More often, you'll see results once Optimizely has determined they are statistically significant.

Statistical significance represents that likelihood that the difference in conversion rates between a given variation and the baseline is not due to chance. Your statistical significance level reflects your risk tolerance and confidence level.

For example, if your results are significant at a 90% significance level, you can be 90% confident that the results you see are due to an actual underlying change in behavior, not just random chance.


This is necessary because in statistics, you observe a sample of the population and use it to make inferences about the total population. Optimizely uses statistical significance to infer whether your variation caused movement in the Improvement metric.

There's always a chance that the lift you observed was a result of typical fluctuation in conversion rates instead of actual change in underlying behavior. For example, if you set a 80% significance level and you see a winning variation, there’s a 20% chance that what you’re seeing is not actually a winning variation. At a 90% significance level, the chance of error decreases to 10%.

The higher your significance, the more visitors your experiment will require. The highest significance that Optimizely will display is >99%: it is technically impossible for results to be 100% significant.

Statistical significance helps Optimizely control the rate of errors in experiments. In any controlled experiment, you should anticipate three possible outcomes:

  • Accurate results. When there is an underlying, positive (negative) difference between your original and your variation, the data shows a winner (loser), and when there isn’t a difference, the data shows an inconclusive result.

  • False positive. Your test data shows a significant difference between your original and your variation, but it’s actually random noise in the data—there is no underlying difference between your original and your variation.

  • False negative. Your test shows an inconclusive result, but your variation is actually different from your baseline.

Statistical significance is a measure of how likely it is that your improvement comes from an actual change in underlying behavior, instead of a false positive.

By default, we set significance at 90%, which means there’s a 90% chance that the observed effect is real and not due to chance. In other words, you will declare 9 out of 10 winning or losing variations correctly. If you want to use a different significance threshold, you can set a significance level at which you would like Optimizely to declare winners and losers for your project.

Lower significance levels may increase the likelihood of error but can also help you test more hypotheses and iterate faster. Higher significance levels decrease the error probability, but require a larger sample.

Choosing the right significance level should balance the types of tests you are running, the confidence you want to have in the tests, and the amount of traffic you actually receive.

One-tailed and two-tailed tests in Optimizely

When you run a test, you can run a one-tailed or two-tailed test. Two-tailed tests are designed to detect differences between your original and your variation in both directions: they tell you if your variation is a winner and if your variation is a loser. A one-tailed test will tell you whether your variation is a winner or a loser, but not both. One-tailed tests are designed to detect differences between your original and your variation in only one direction.

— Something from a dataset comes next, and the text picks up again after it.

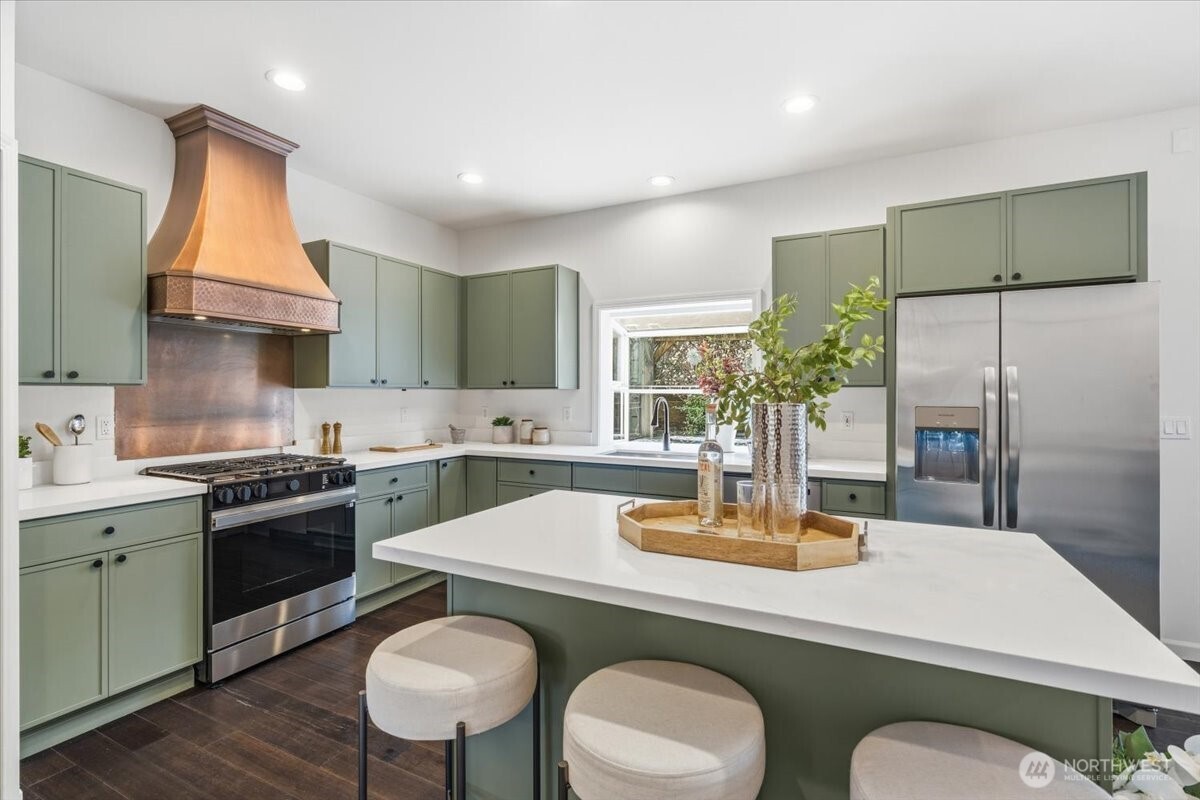 8145 5th Avenue Southwest Seattle, WA 98106 - Photo 8 of 38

With the introduction of the Stats Engine, Optimizely uses two-tailed tests because they are required for the false discovery rate control that we have implemented in our Stats Engine.

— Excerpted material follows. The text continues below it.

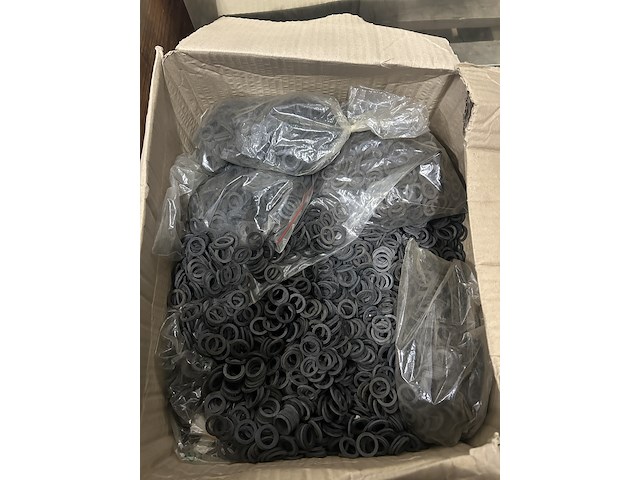 Partij diversen w.o. veiligheidsschoenen en bouwmaterialen - afbeelding 4 van  16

In reality, false discovery rate control is more important to your ability to make business decisions than whether you use a one-tailed or two-tailed test because when it comes to making business decisions, your main goal is to avoid implementing a false positive or negative. 

Switching from a two-tailed to a one-tailed test will typically change error rates by a factor of two, but requires the additional overhead of specifying whether you are looking for winners or losers in advance. If you know you're looking for a winner, you can increase your statistical significance setting from 90% to 95%. On the other hand, as the example above shows, not using false discovery rates can inflate error rates by a factor of five or more. 

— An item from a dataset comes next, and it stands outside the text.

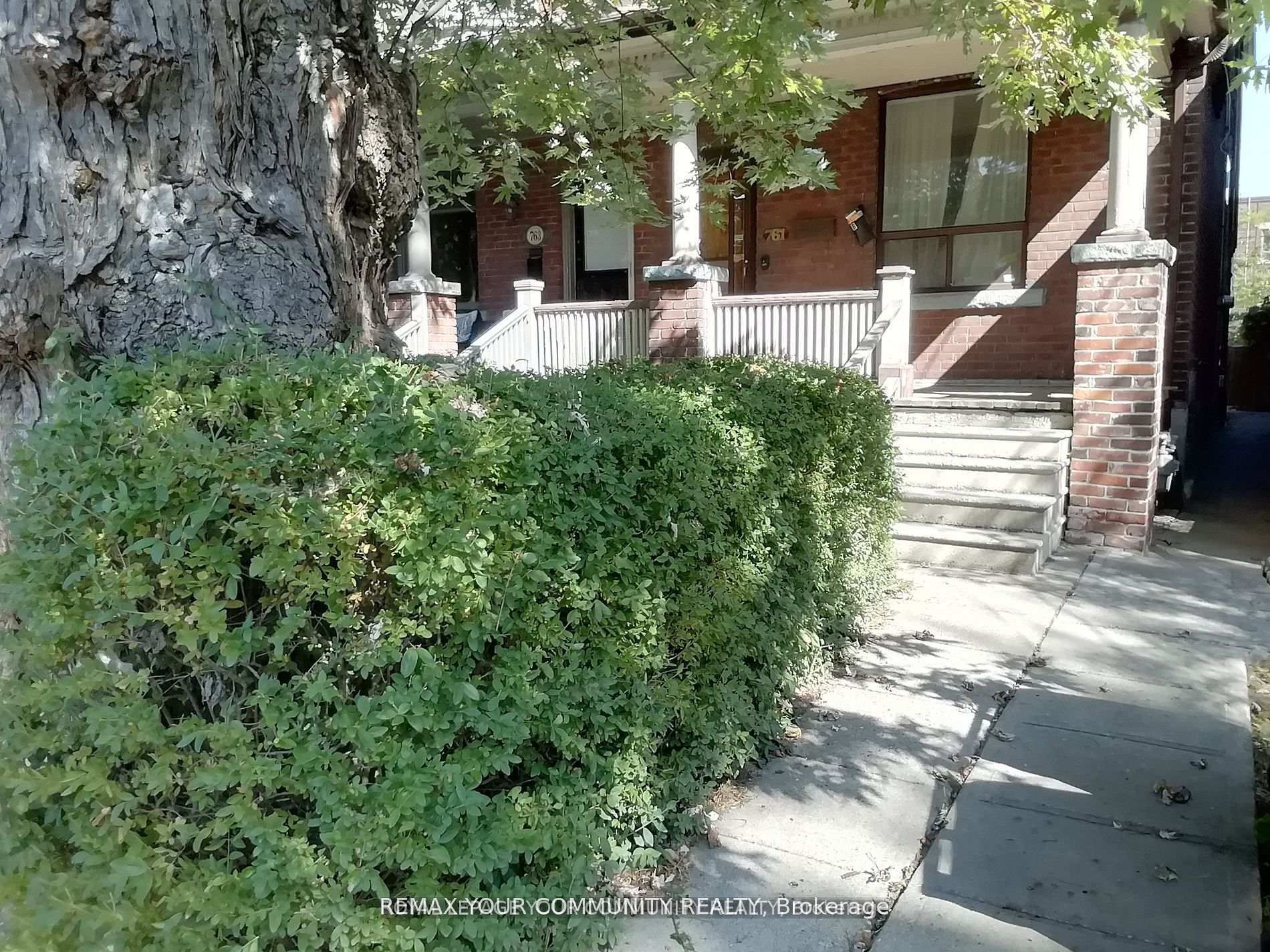 761 Markham Street Bsmt, Toronto, ON M6G 2M4 photo 2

It’s more helpful to know the actual chance of implementing false results and to make sure that your results aren’t compromised by adding multiple goals.

Segmentation and statistical significance

Optimizely lets you segment your results so you can see if certain groups of visitors behave differently from your visitors overall. However, Optimizely doesn't control the false discovery rate for segments. This means it's much more likely that significant results in segments are false positives, and the false discovery rate will be higher.

You can limit the risk of false positives if you only test the segments that are the most meaningful. The higher false discovery rate arises when you're searching for significant results among many segments.

Novelty effect and statistical significance

Currently, the statistical significance from a novelty effect stays for a long time. In future, statistical significance calculations will self-correct and take into account how long the test is running for, not just sample size.